Saturday 29 September 2012

The Woman Wanders Again

(from Thurs night)

This night stretches long as I sit in the train station with my trusty bags and listen to the hum of those around me (are you sure you have our tickets, the Canadian woman asks her man) and music over the radio I'd prefer off. Waiting for the midnight train--my first train again since taking the night train to Bangkok in July.

What a day this has been, though! After weeks of too much work, I am taking a respite. This morning I enjoyed the great pleasure of sleeping in til mid-morning and then drove about 45 minutes through crisp air and rolling hills speckled with turning leaves to a farm where one of my friends has been working the last several months.

Seeing her was lovely in itself; working alongside her the whole day long was wonderful. What is richer than the immediate satisfaction of manual labour and the joy of deep conversation with a good friend?
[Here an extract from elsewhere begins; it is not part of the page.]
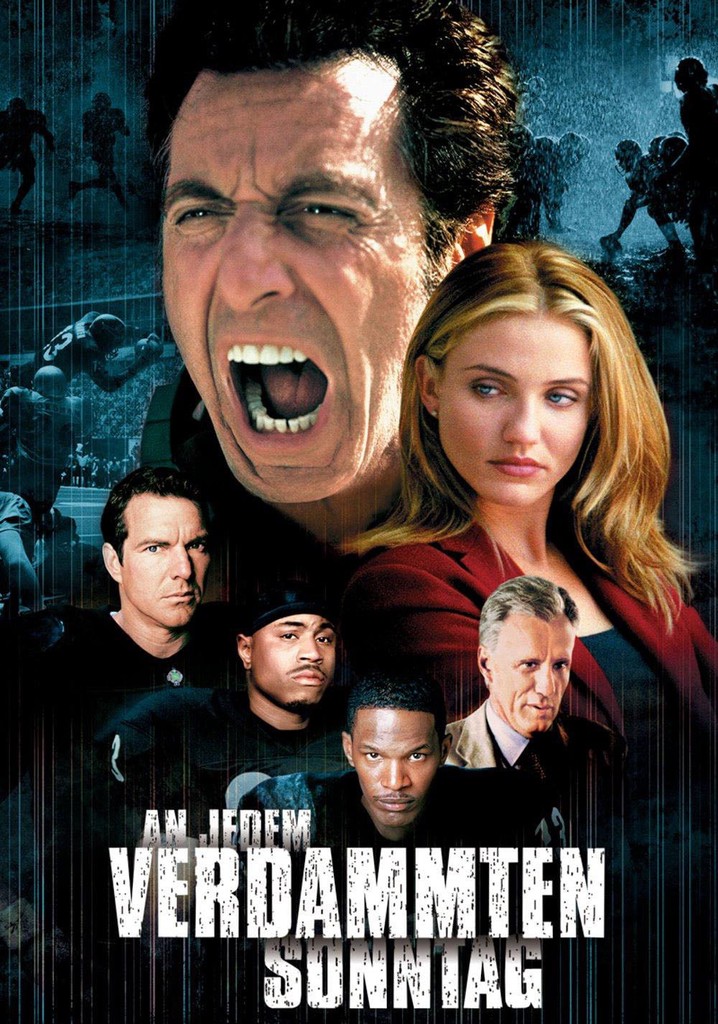 An jedem verdammten Sonntag Online Stream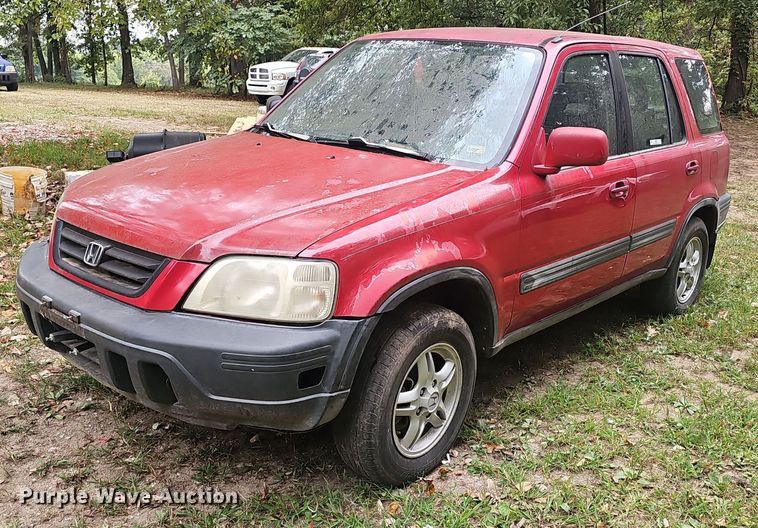 1999 Honda CR-V SUV - NX9257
We picked corn, then moved on to watermelons and from there to yellow squash, zucchini  and eternal rows of more kinds of peppers than I knew existed. Then eggplant and lettuce, stepping through weeds and overgrowth; over the rotting remains of produce that will be reborn next year. The farm is organic (not yet certified in ints general operations, and set in a beautiful landscape. Gorgeous old but renovated farmhouse overlooking so much land; fields of vegetables growing their last days, hours. Barns with calves, horses, goats, chickens and lots of cats. A huge blue pond. Dogs in a pen begging you to play, showing off their antics. Wild kittens growing tame, cows grazing in the distance.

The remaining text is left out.